Raphael, Transfiguration, c. 1516-20 (Vatican Museum, Rome)

Typically, Transfiguration pictures are quite dull, which is surprising and ironic given the spectacular nature of the event itself. There is one exception, however. This one. It’s Raphael. And I think it’s fabulous.

The canvas is divided almost in half, each showing a separate part of the story. On the top, Raphael depicts the actual Transfiguration, which took place on a mountainside with only Peter, James, and John present (it’s always them, right?). All of a sudden, Jesus’ face started shining and his clothes became dazzling white. What’s more, the long-dead Old Testament All-Stars—Moses and Elijah—appeared and started conversing with Jesus.

It must have been quite a sight … and it has proven to be nearly impossible to depict. Raphael does it by having the threesome float in front of a dramatic cloud that is lit with a bright light directly behind Christ. Jesus doesn’t glow, exactly, but you get the point. It’s dazzling. Then—even better—he shows Peter, James, and John shielding their eyes as they crouch on the ground, having been thrust there by the force of the spectacular transformation. Their body language tells the story.

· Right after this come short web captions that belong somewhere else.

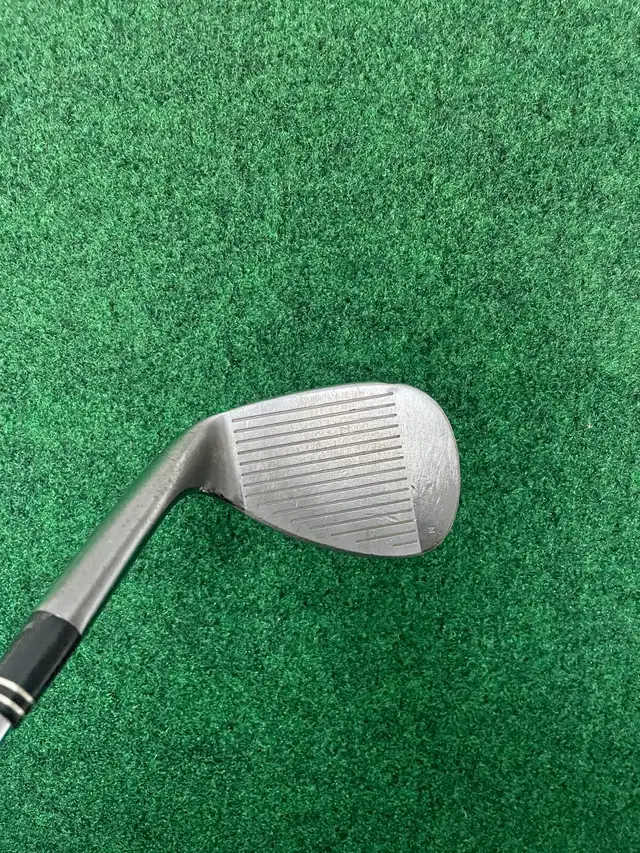 Taylormade 56 Degree Wedge in Golf in Ottawa - Image 4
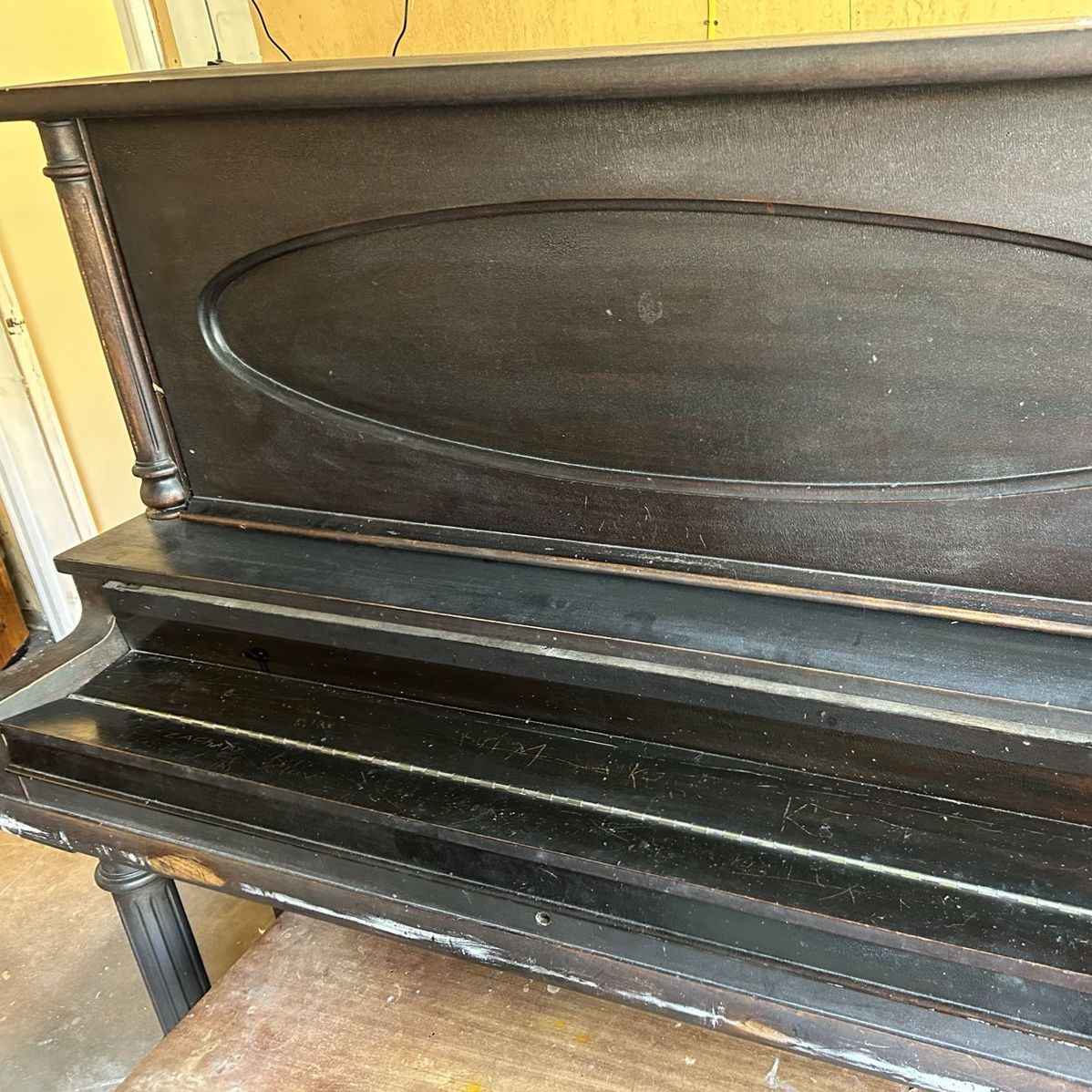 Main image 9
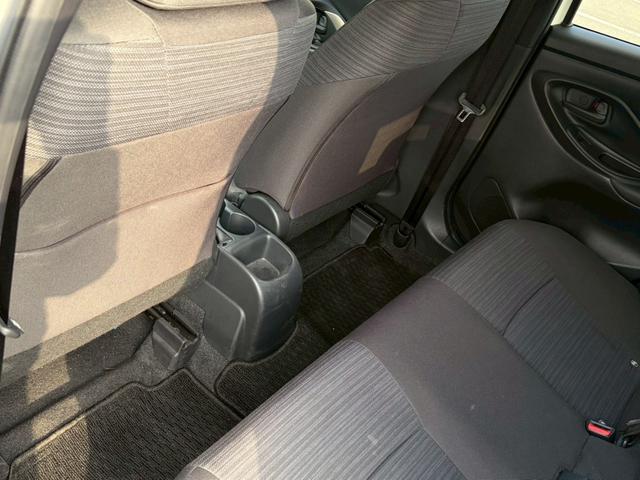 ヤリス ハイブリッドＺ　走行距離９０００キロ！　禁煙車　純正ナビ　全周囲モニター　ドラレコ　レーダークルーズ　衝突軽減　ブラインドスポット　ＬＥＤヘッドライト　前後クリソナ　シートヒーター　ＵＳＢポート　ＥＴＣ　車検整備付（35枚目）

Meanwhile, in the bottom half of the painting, the other disciples (at left) are trying desperately to heal a boy (in blue) who is possessed by a demon. Despite all their training with Jesus, they could not produce the miracle. You can sense the distress this has caused—their concern for the boy, while evident, is arguably surpassed by their concern about their own failure.

The two events took place at the same time, miles apart, but clearly they were connected in the gospel writer’s mind. Even as Jesus was displaying his power, the disciples were experiencing their own impotence. If only they could access that power. If only Christ was there. Indeed, miles away. They didn’t get it.

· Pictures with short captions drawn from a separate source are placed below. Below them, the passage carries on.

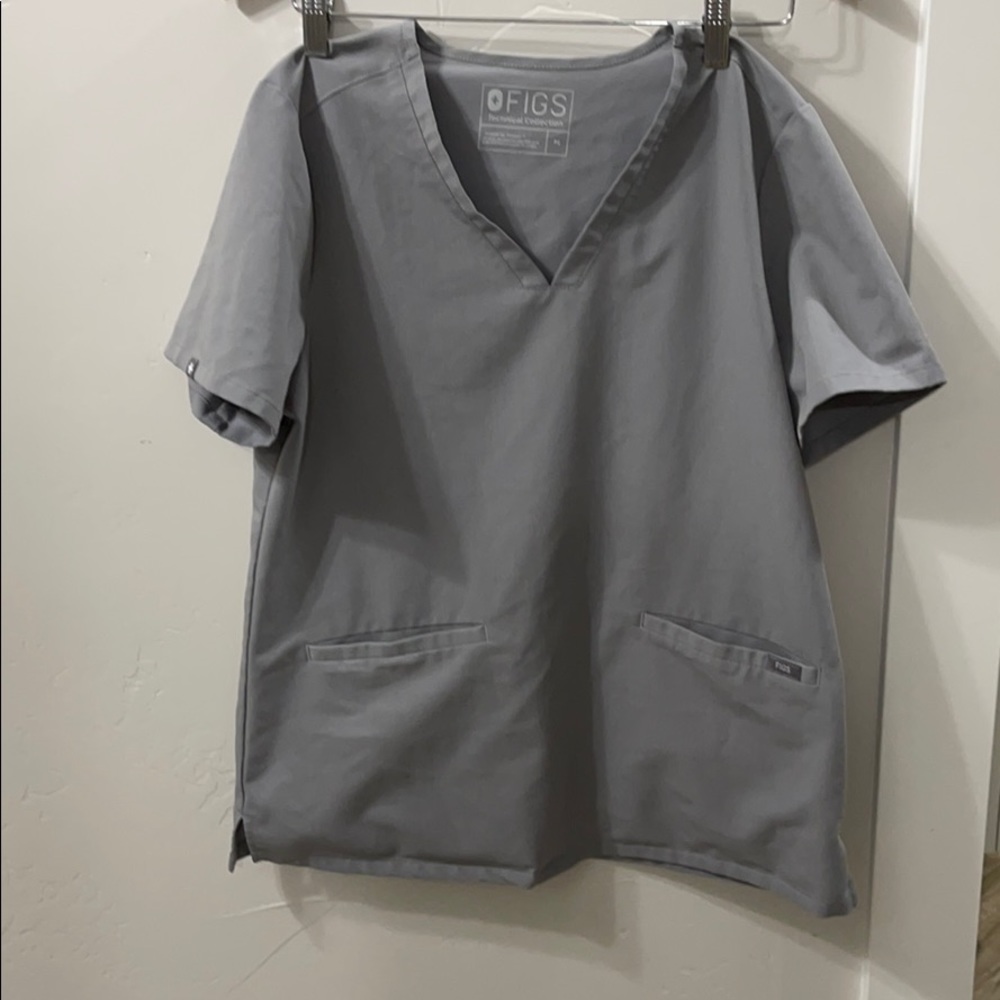 Figs scrub top concrete color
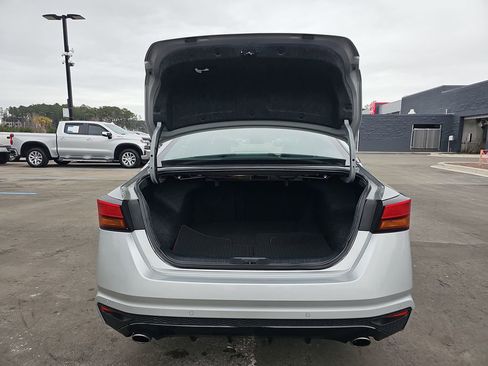 Used 2023 Nissan Altima 2.5 SR FWD image 16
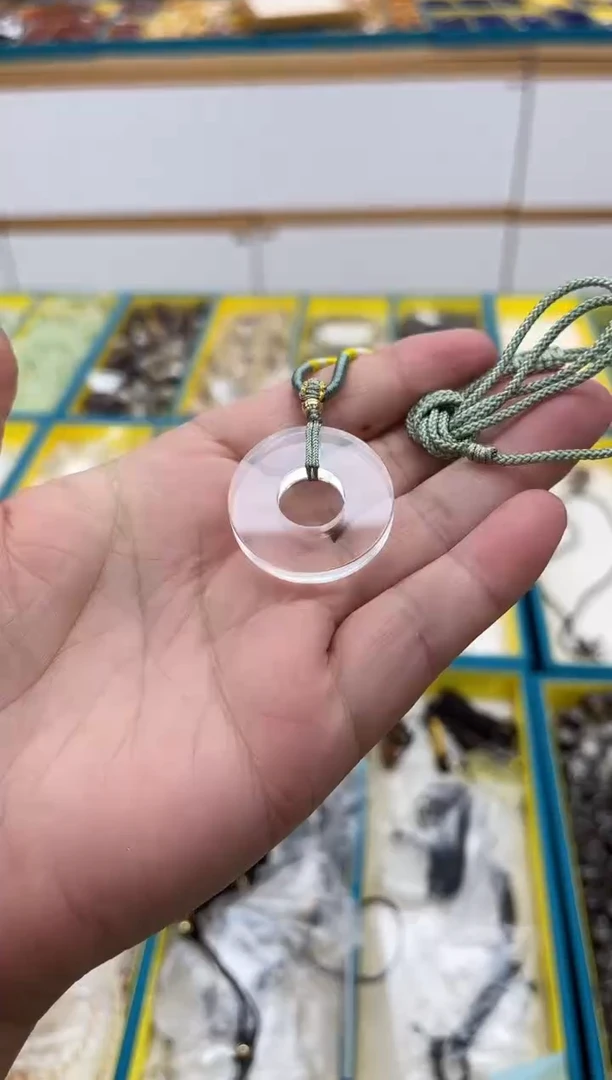 未镶嵌颈饰水晶库存有限 售完即止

Raphael underscores the contrast with the dark shadow ringing the edge of the bluff. As viewers, we sense the huge gap between the power available through Christ and the inability of the disciples to access it.

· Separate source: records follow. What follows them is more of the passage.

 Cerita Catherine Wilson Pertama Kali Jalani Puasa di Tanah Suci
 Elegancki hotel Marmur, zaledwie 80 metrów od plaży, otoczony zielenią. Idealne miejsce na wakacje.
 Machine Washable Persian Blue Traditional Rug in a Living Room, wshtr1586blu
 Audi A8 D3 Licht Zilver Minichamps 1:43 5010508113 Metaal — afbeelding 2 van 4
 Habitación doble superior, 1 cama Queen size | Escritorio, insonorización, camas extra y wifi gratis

And yet, Raphael does give us a clue to what happens next in the story. There is one lighter patch in the otherwise black shadow and it highlights the hand of a disciple who is pointing toward Christ. Importantly, it also creates a bridge over the gap. This disciple and at least one other seem to know where the power lies. And, sure enough, Jesus eventually comes down off the mountain and heals the boy himself, castigating the disciples for their lack of faith.

I’m not sure if this painting gives me hope or makes me feel depressed. How often do I feel this helpless. I admit, sometimes I am trying to solve a problem using my own devices—my reason, my creativity, my strong work ethic—but often I also pray, but nothing happens. I feel as desperate as these disciples look. The painting reminds me that I do have access to the power of God, but it also suggests that at least some of the disciples knew that too. So what gives? How much faith do we need? I don’t know, but if the disciples didn’t have it, what hope have I?